Floyd Norris’ column in NY Times today is available to subscribers only, unfortunately. But it summarizes as well as anything I’ve seen the facts that put the lie to Blanche Lincoln’s alibi that her advocacy for the estate tax repeal is about helping the little guy.
Most recent data available, for 2004 indicates:
A very few, very rich estates pay most of the estate tax burden. It is a very progressive tax, in other words. Poor people don’t pay. Middle-class people don’t pay. Only wealthy people pay.
Double taxation? Nah. About two-thirds of the assets of the biggest estates ($20 million or more) were in real estate and stock — appreciated capital assets, in other words, and thus not previously taxed, as wages are.

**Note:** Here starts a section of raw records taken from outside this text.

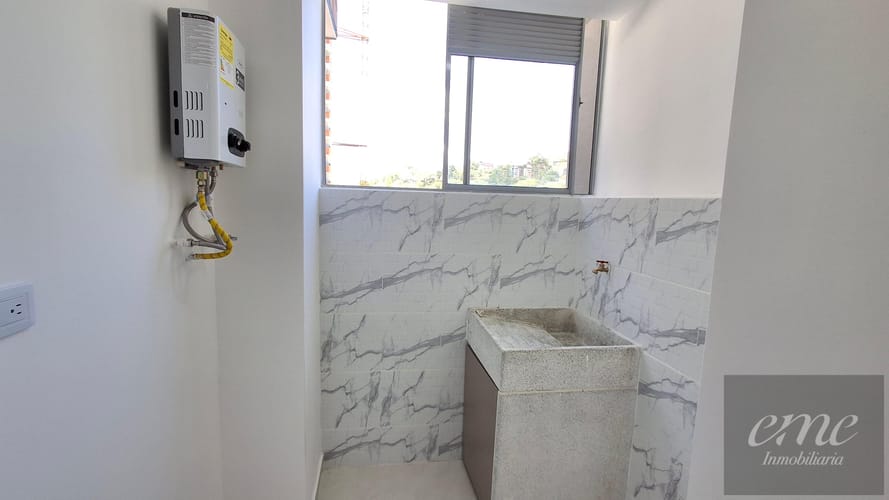 Apartamento de 3 alcobas en arriendo en Bello, 76 m² · foto 3 de 12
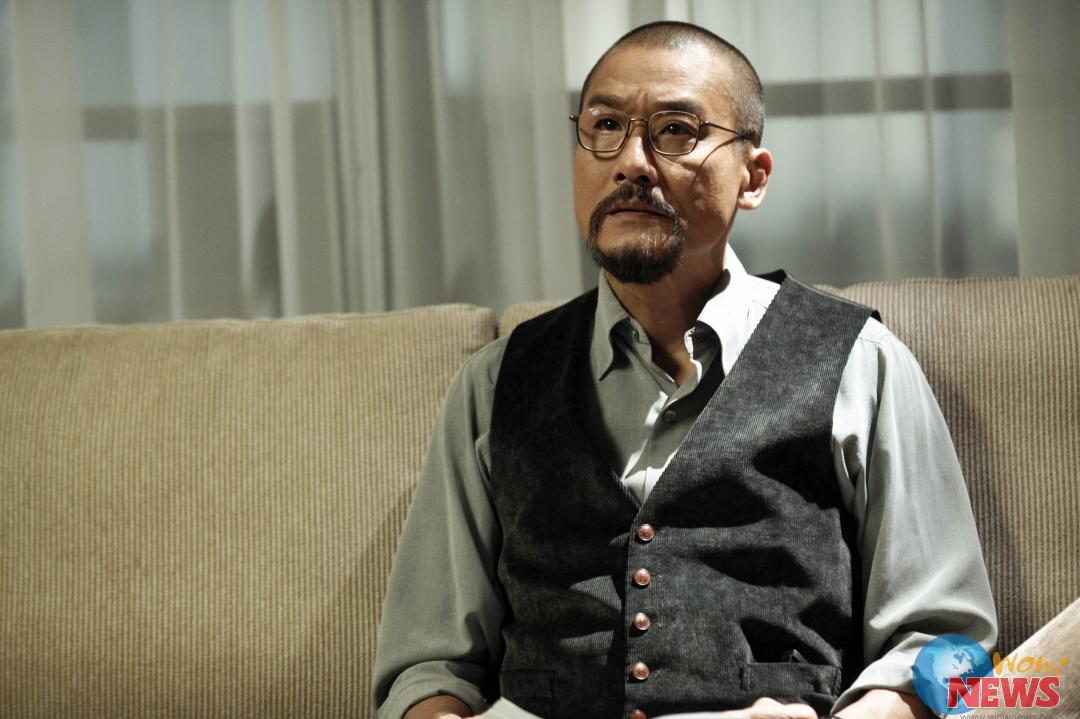 梁家辉,被称为"千面影帝",他拥有教科书般的演技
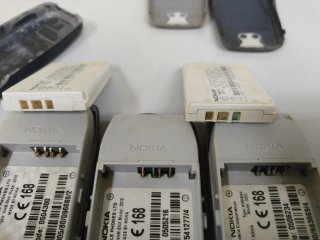 3 Teléfonos Nokia 3310/3330 y un cargador.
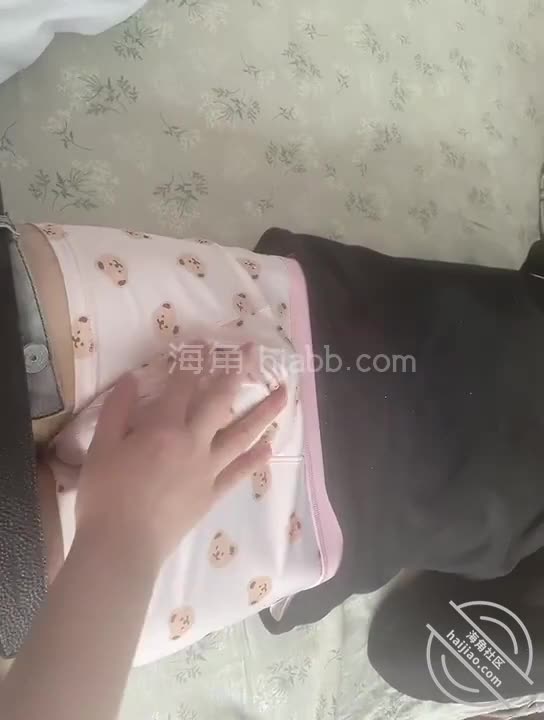 露脸女大神与哥哥乱伦，自慰被哥哥撞见，玩弄的淫水泛滥包住了哥哥整个鸡巴#露脸 #乱伦  #兄妹  #自慰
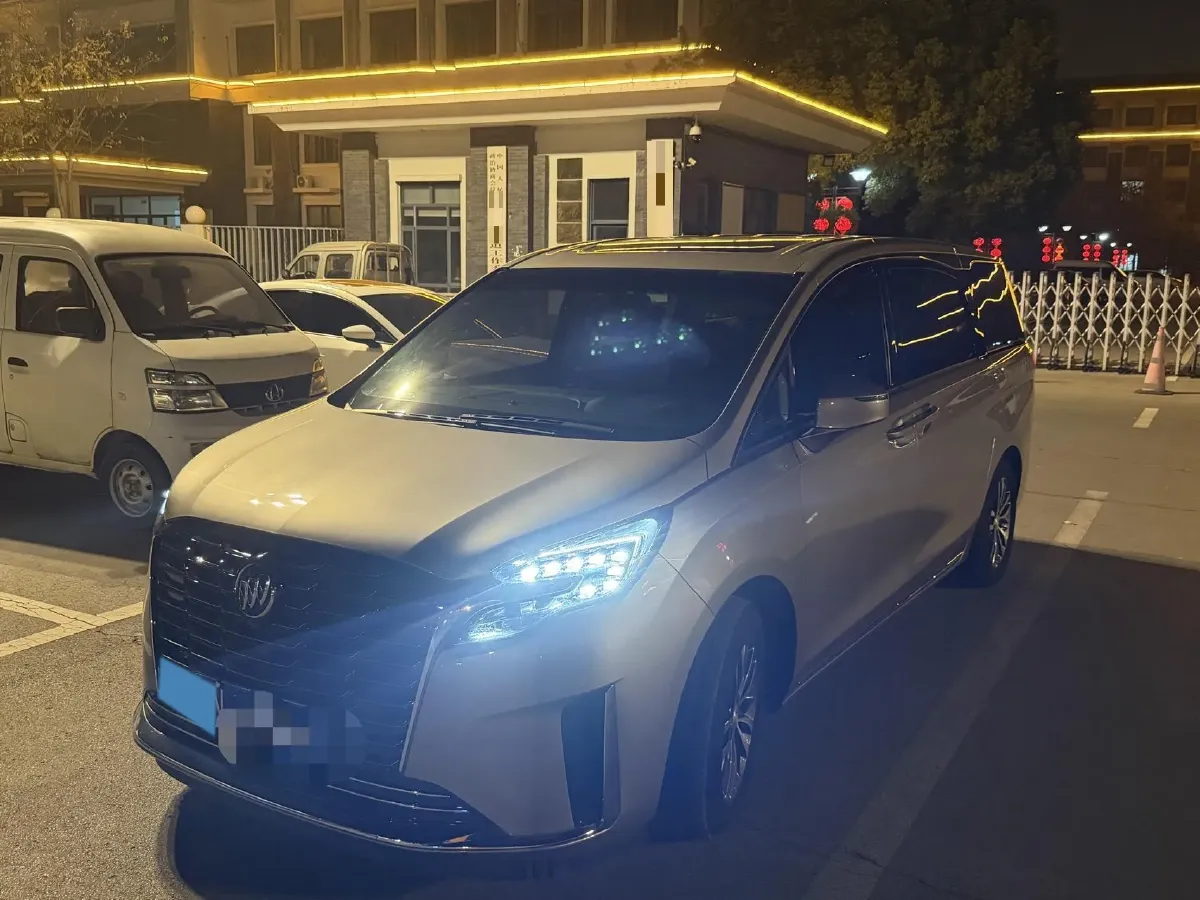 2023 Buick GL8 2.0T 237HP L4 9AT,autocango,china used car exporter,china ev exporter,chinese used car exporter,chinese used ev exporter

Confiscatory rates? Not really, after deductions for spouses and charity.
In 2004, only 736 tax returns were filed for estates worth $20 million or more. Only 520 of them owed estate taxes, but these 520 paid a quarter of all estate taxes for the year, about $5.6 billion. The top marginal rate is 55 percent, sure, but the average tax for this group was only 19 percent.
A bill Blanche Lincoln supported last week would have cut the tax rate on those 520 richest estates by a third, a nifty savings of $1.8 billion. A huge chunk of it would be a gift to people like Walton children who toiled not for their riches but inherited appreciated stock granted essentially free to their parents.